See here for an example where cite_report would be helpful in formatting. T.Shafee(Evo﹠Evo)talk 06:08, 27 June 2023 (UTC)
- Hello, this is configurable.
- See: Citoid/Enabling_Citoid_on_your_wiki#Step_2:_Configure_Citoid
- To change this you need to add template data to Cite report, and then change report -> Cite report in the config (
- wiki:en:MediaWiki:Citoid-template-type-map.json). Mvolz (WMF) (talk) 11:20, 3 July 2023 (UTC)
- @Mvolz (WMF) Thanks! I think it already had the necessary templatedata, so I'e put in an edit request at MediaWiki_talk:Citoid-template-type-map.json. T.Shafee(Evo﹠Evo)talk 04:57, 17 July 2023 (UTC)
Jstor citations
[edit]On English Wikipedia the {{Cite journal}} template has a jstor parameter. Can Citoid be changed to extract the relevant stable link for the Jstor URL instead of copying the provided URL into the URL field? Ifly6 (talk) 03:14, 4 July 2023 (UTC)
- If given a JSTOR link, it gives the stable JSTOR url.
- For most other links, it doesn't typically know the JSTOR identifier, so it can't use that to then get the JSTOR link. Most links to journal articles, if they include extra identifiers will include the DOI, but not typically JSTOR. Mvolz (WMF) (talk) 13:02, 5 July 2023 (UTC)
- If I wasn't clear, I'm discussing how it treats Jstor input only: eg input like
https://www.jstor.org/stable/45019299. Ifly6 (talk) 13:43, 5 July 2023 (UTC) - Ah, I misinterpreted you - you want the jstor url to go into the jstor field instead of into the url field?

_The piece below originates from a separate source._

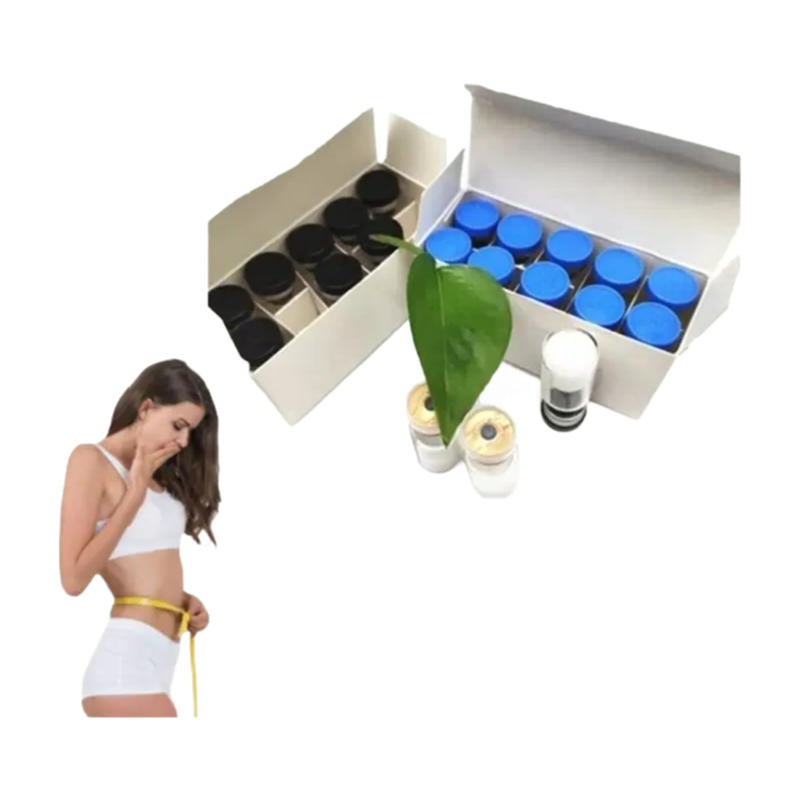 Factory Direct Semaglutide for Sale: 99% Purity with Competitive Pricing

- That's a little tricky. We could definitely return a JSTOR parameter in the api; the problem is that TemplateData and Citoid extension only does really basic mapping, so then the jstor link would end up in the url as well and so it'd be linked in both. In the API we return a url no matter what because it's a required parameter (api guarantees return of a url in the url field) and for other language wikis that don't have separate parameters, they need it. We've had this issue as well with people not liking we return both the doi and the resolved doi link in the url field, though personally it doesn't bother me.

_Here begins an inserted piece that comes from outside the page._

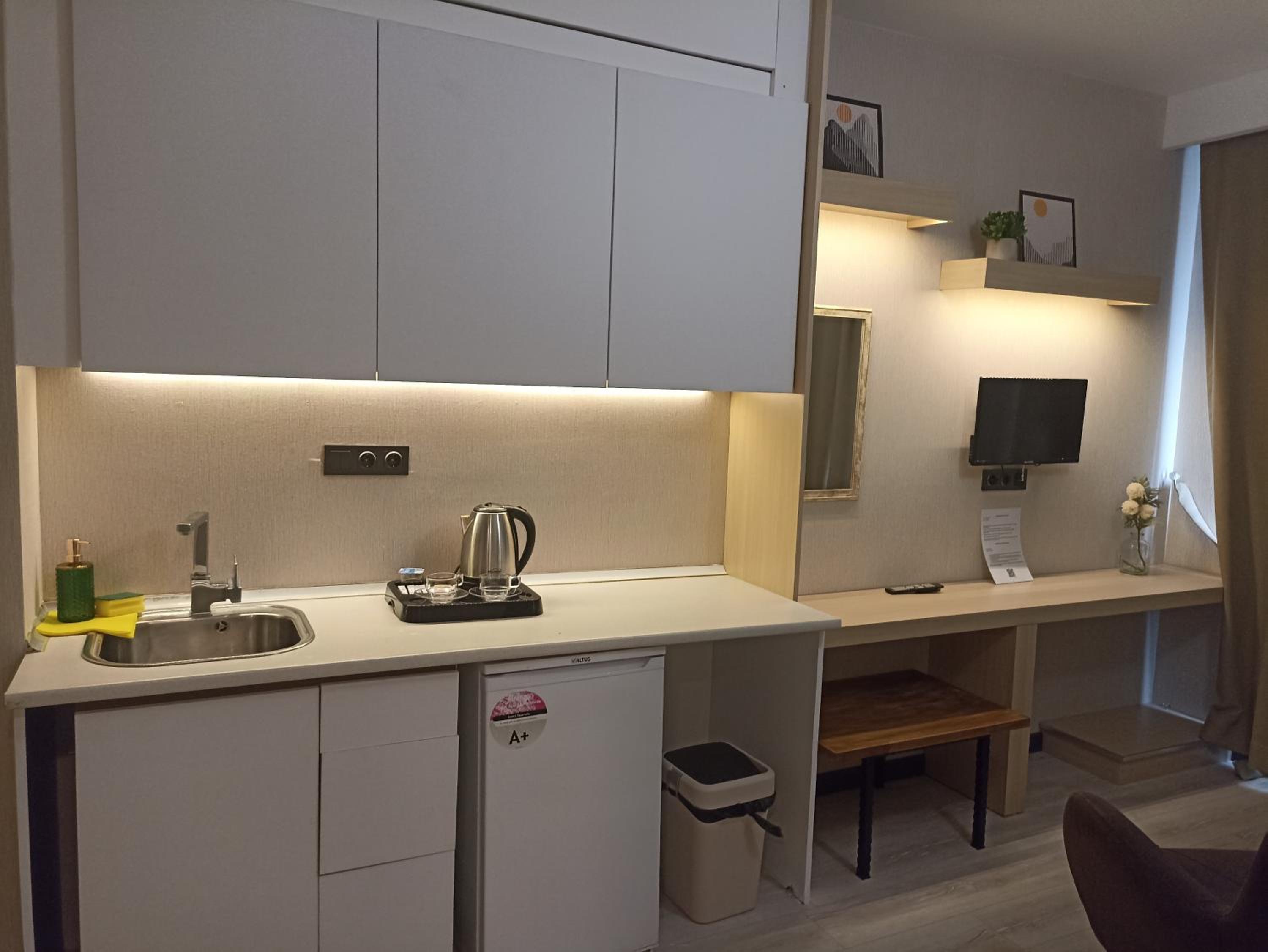 Doğan Palace Otel - Image 22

- That kind of per-wiki customisation might have to be per-wiki user script / common.js kind of solution rather than something that goes in the back-end or the extension, which is designed to be fairly agnostic about the citation templates being used. Mvolz (WMF) (talk) 11:36, 17 July 2023 (UTC)
- Yea, it would pretty much be just changing where the JSTOR parameter ends up. On English Wikipedia there's been an issue basically where there are three interrelated issues. ¶ First, the citation bot adds Jstor parameters given the stable Jstor URL but this causes unnecessary duplication... which some people want retained just in case someone meant the URL to be there (even though nobody means much of anything when using these citation generators). ¶ Second, the Internet Archive bot then can be run to "archive" the live Jstor URLs (but not the parameters) because the URL is there... even though, because Jstor is paywalled, the "archive" is just a landing page. Naturally some people don't want these useless archive links remove either. ¶ Third, Jstor because it's paywalled isn't always the best free full-text source and putting a URL there would on first glance seem misleading.
- Anyway, I understand the technical issues involved, though I think the real solution in this instance is the root cause, which is the unthinking addition of Jstor URLs to templates that end up triggering all of the downstream clutter. A user script would have insufficient adoption to go much of anywhere in nipping the issue. Ifly6 (talk) 14:45, 17 July 2023 (UTC)
- Just noting here that it's been my practice to remove url parameters when they point to jstor, and put the stable jstor identifier in the jstor parameter instead, to avoid the unnecessary archive and access-date cruft that follow-on scripts produce. I understand if it's not possible not to return a url parameter though.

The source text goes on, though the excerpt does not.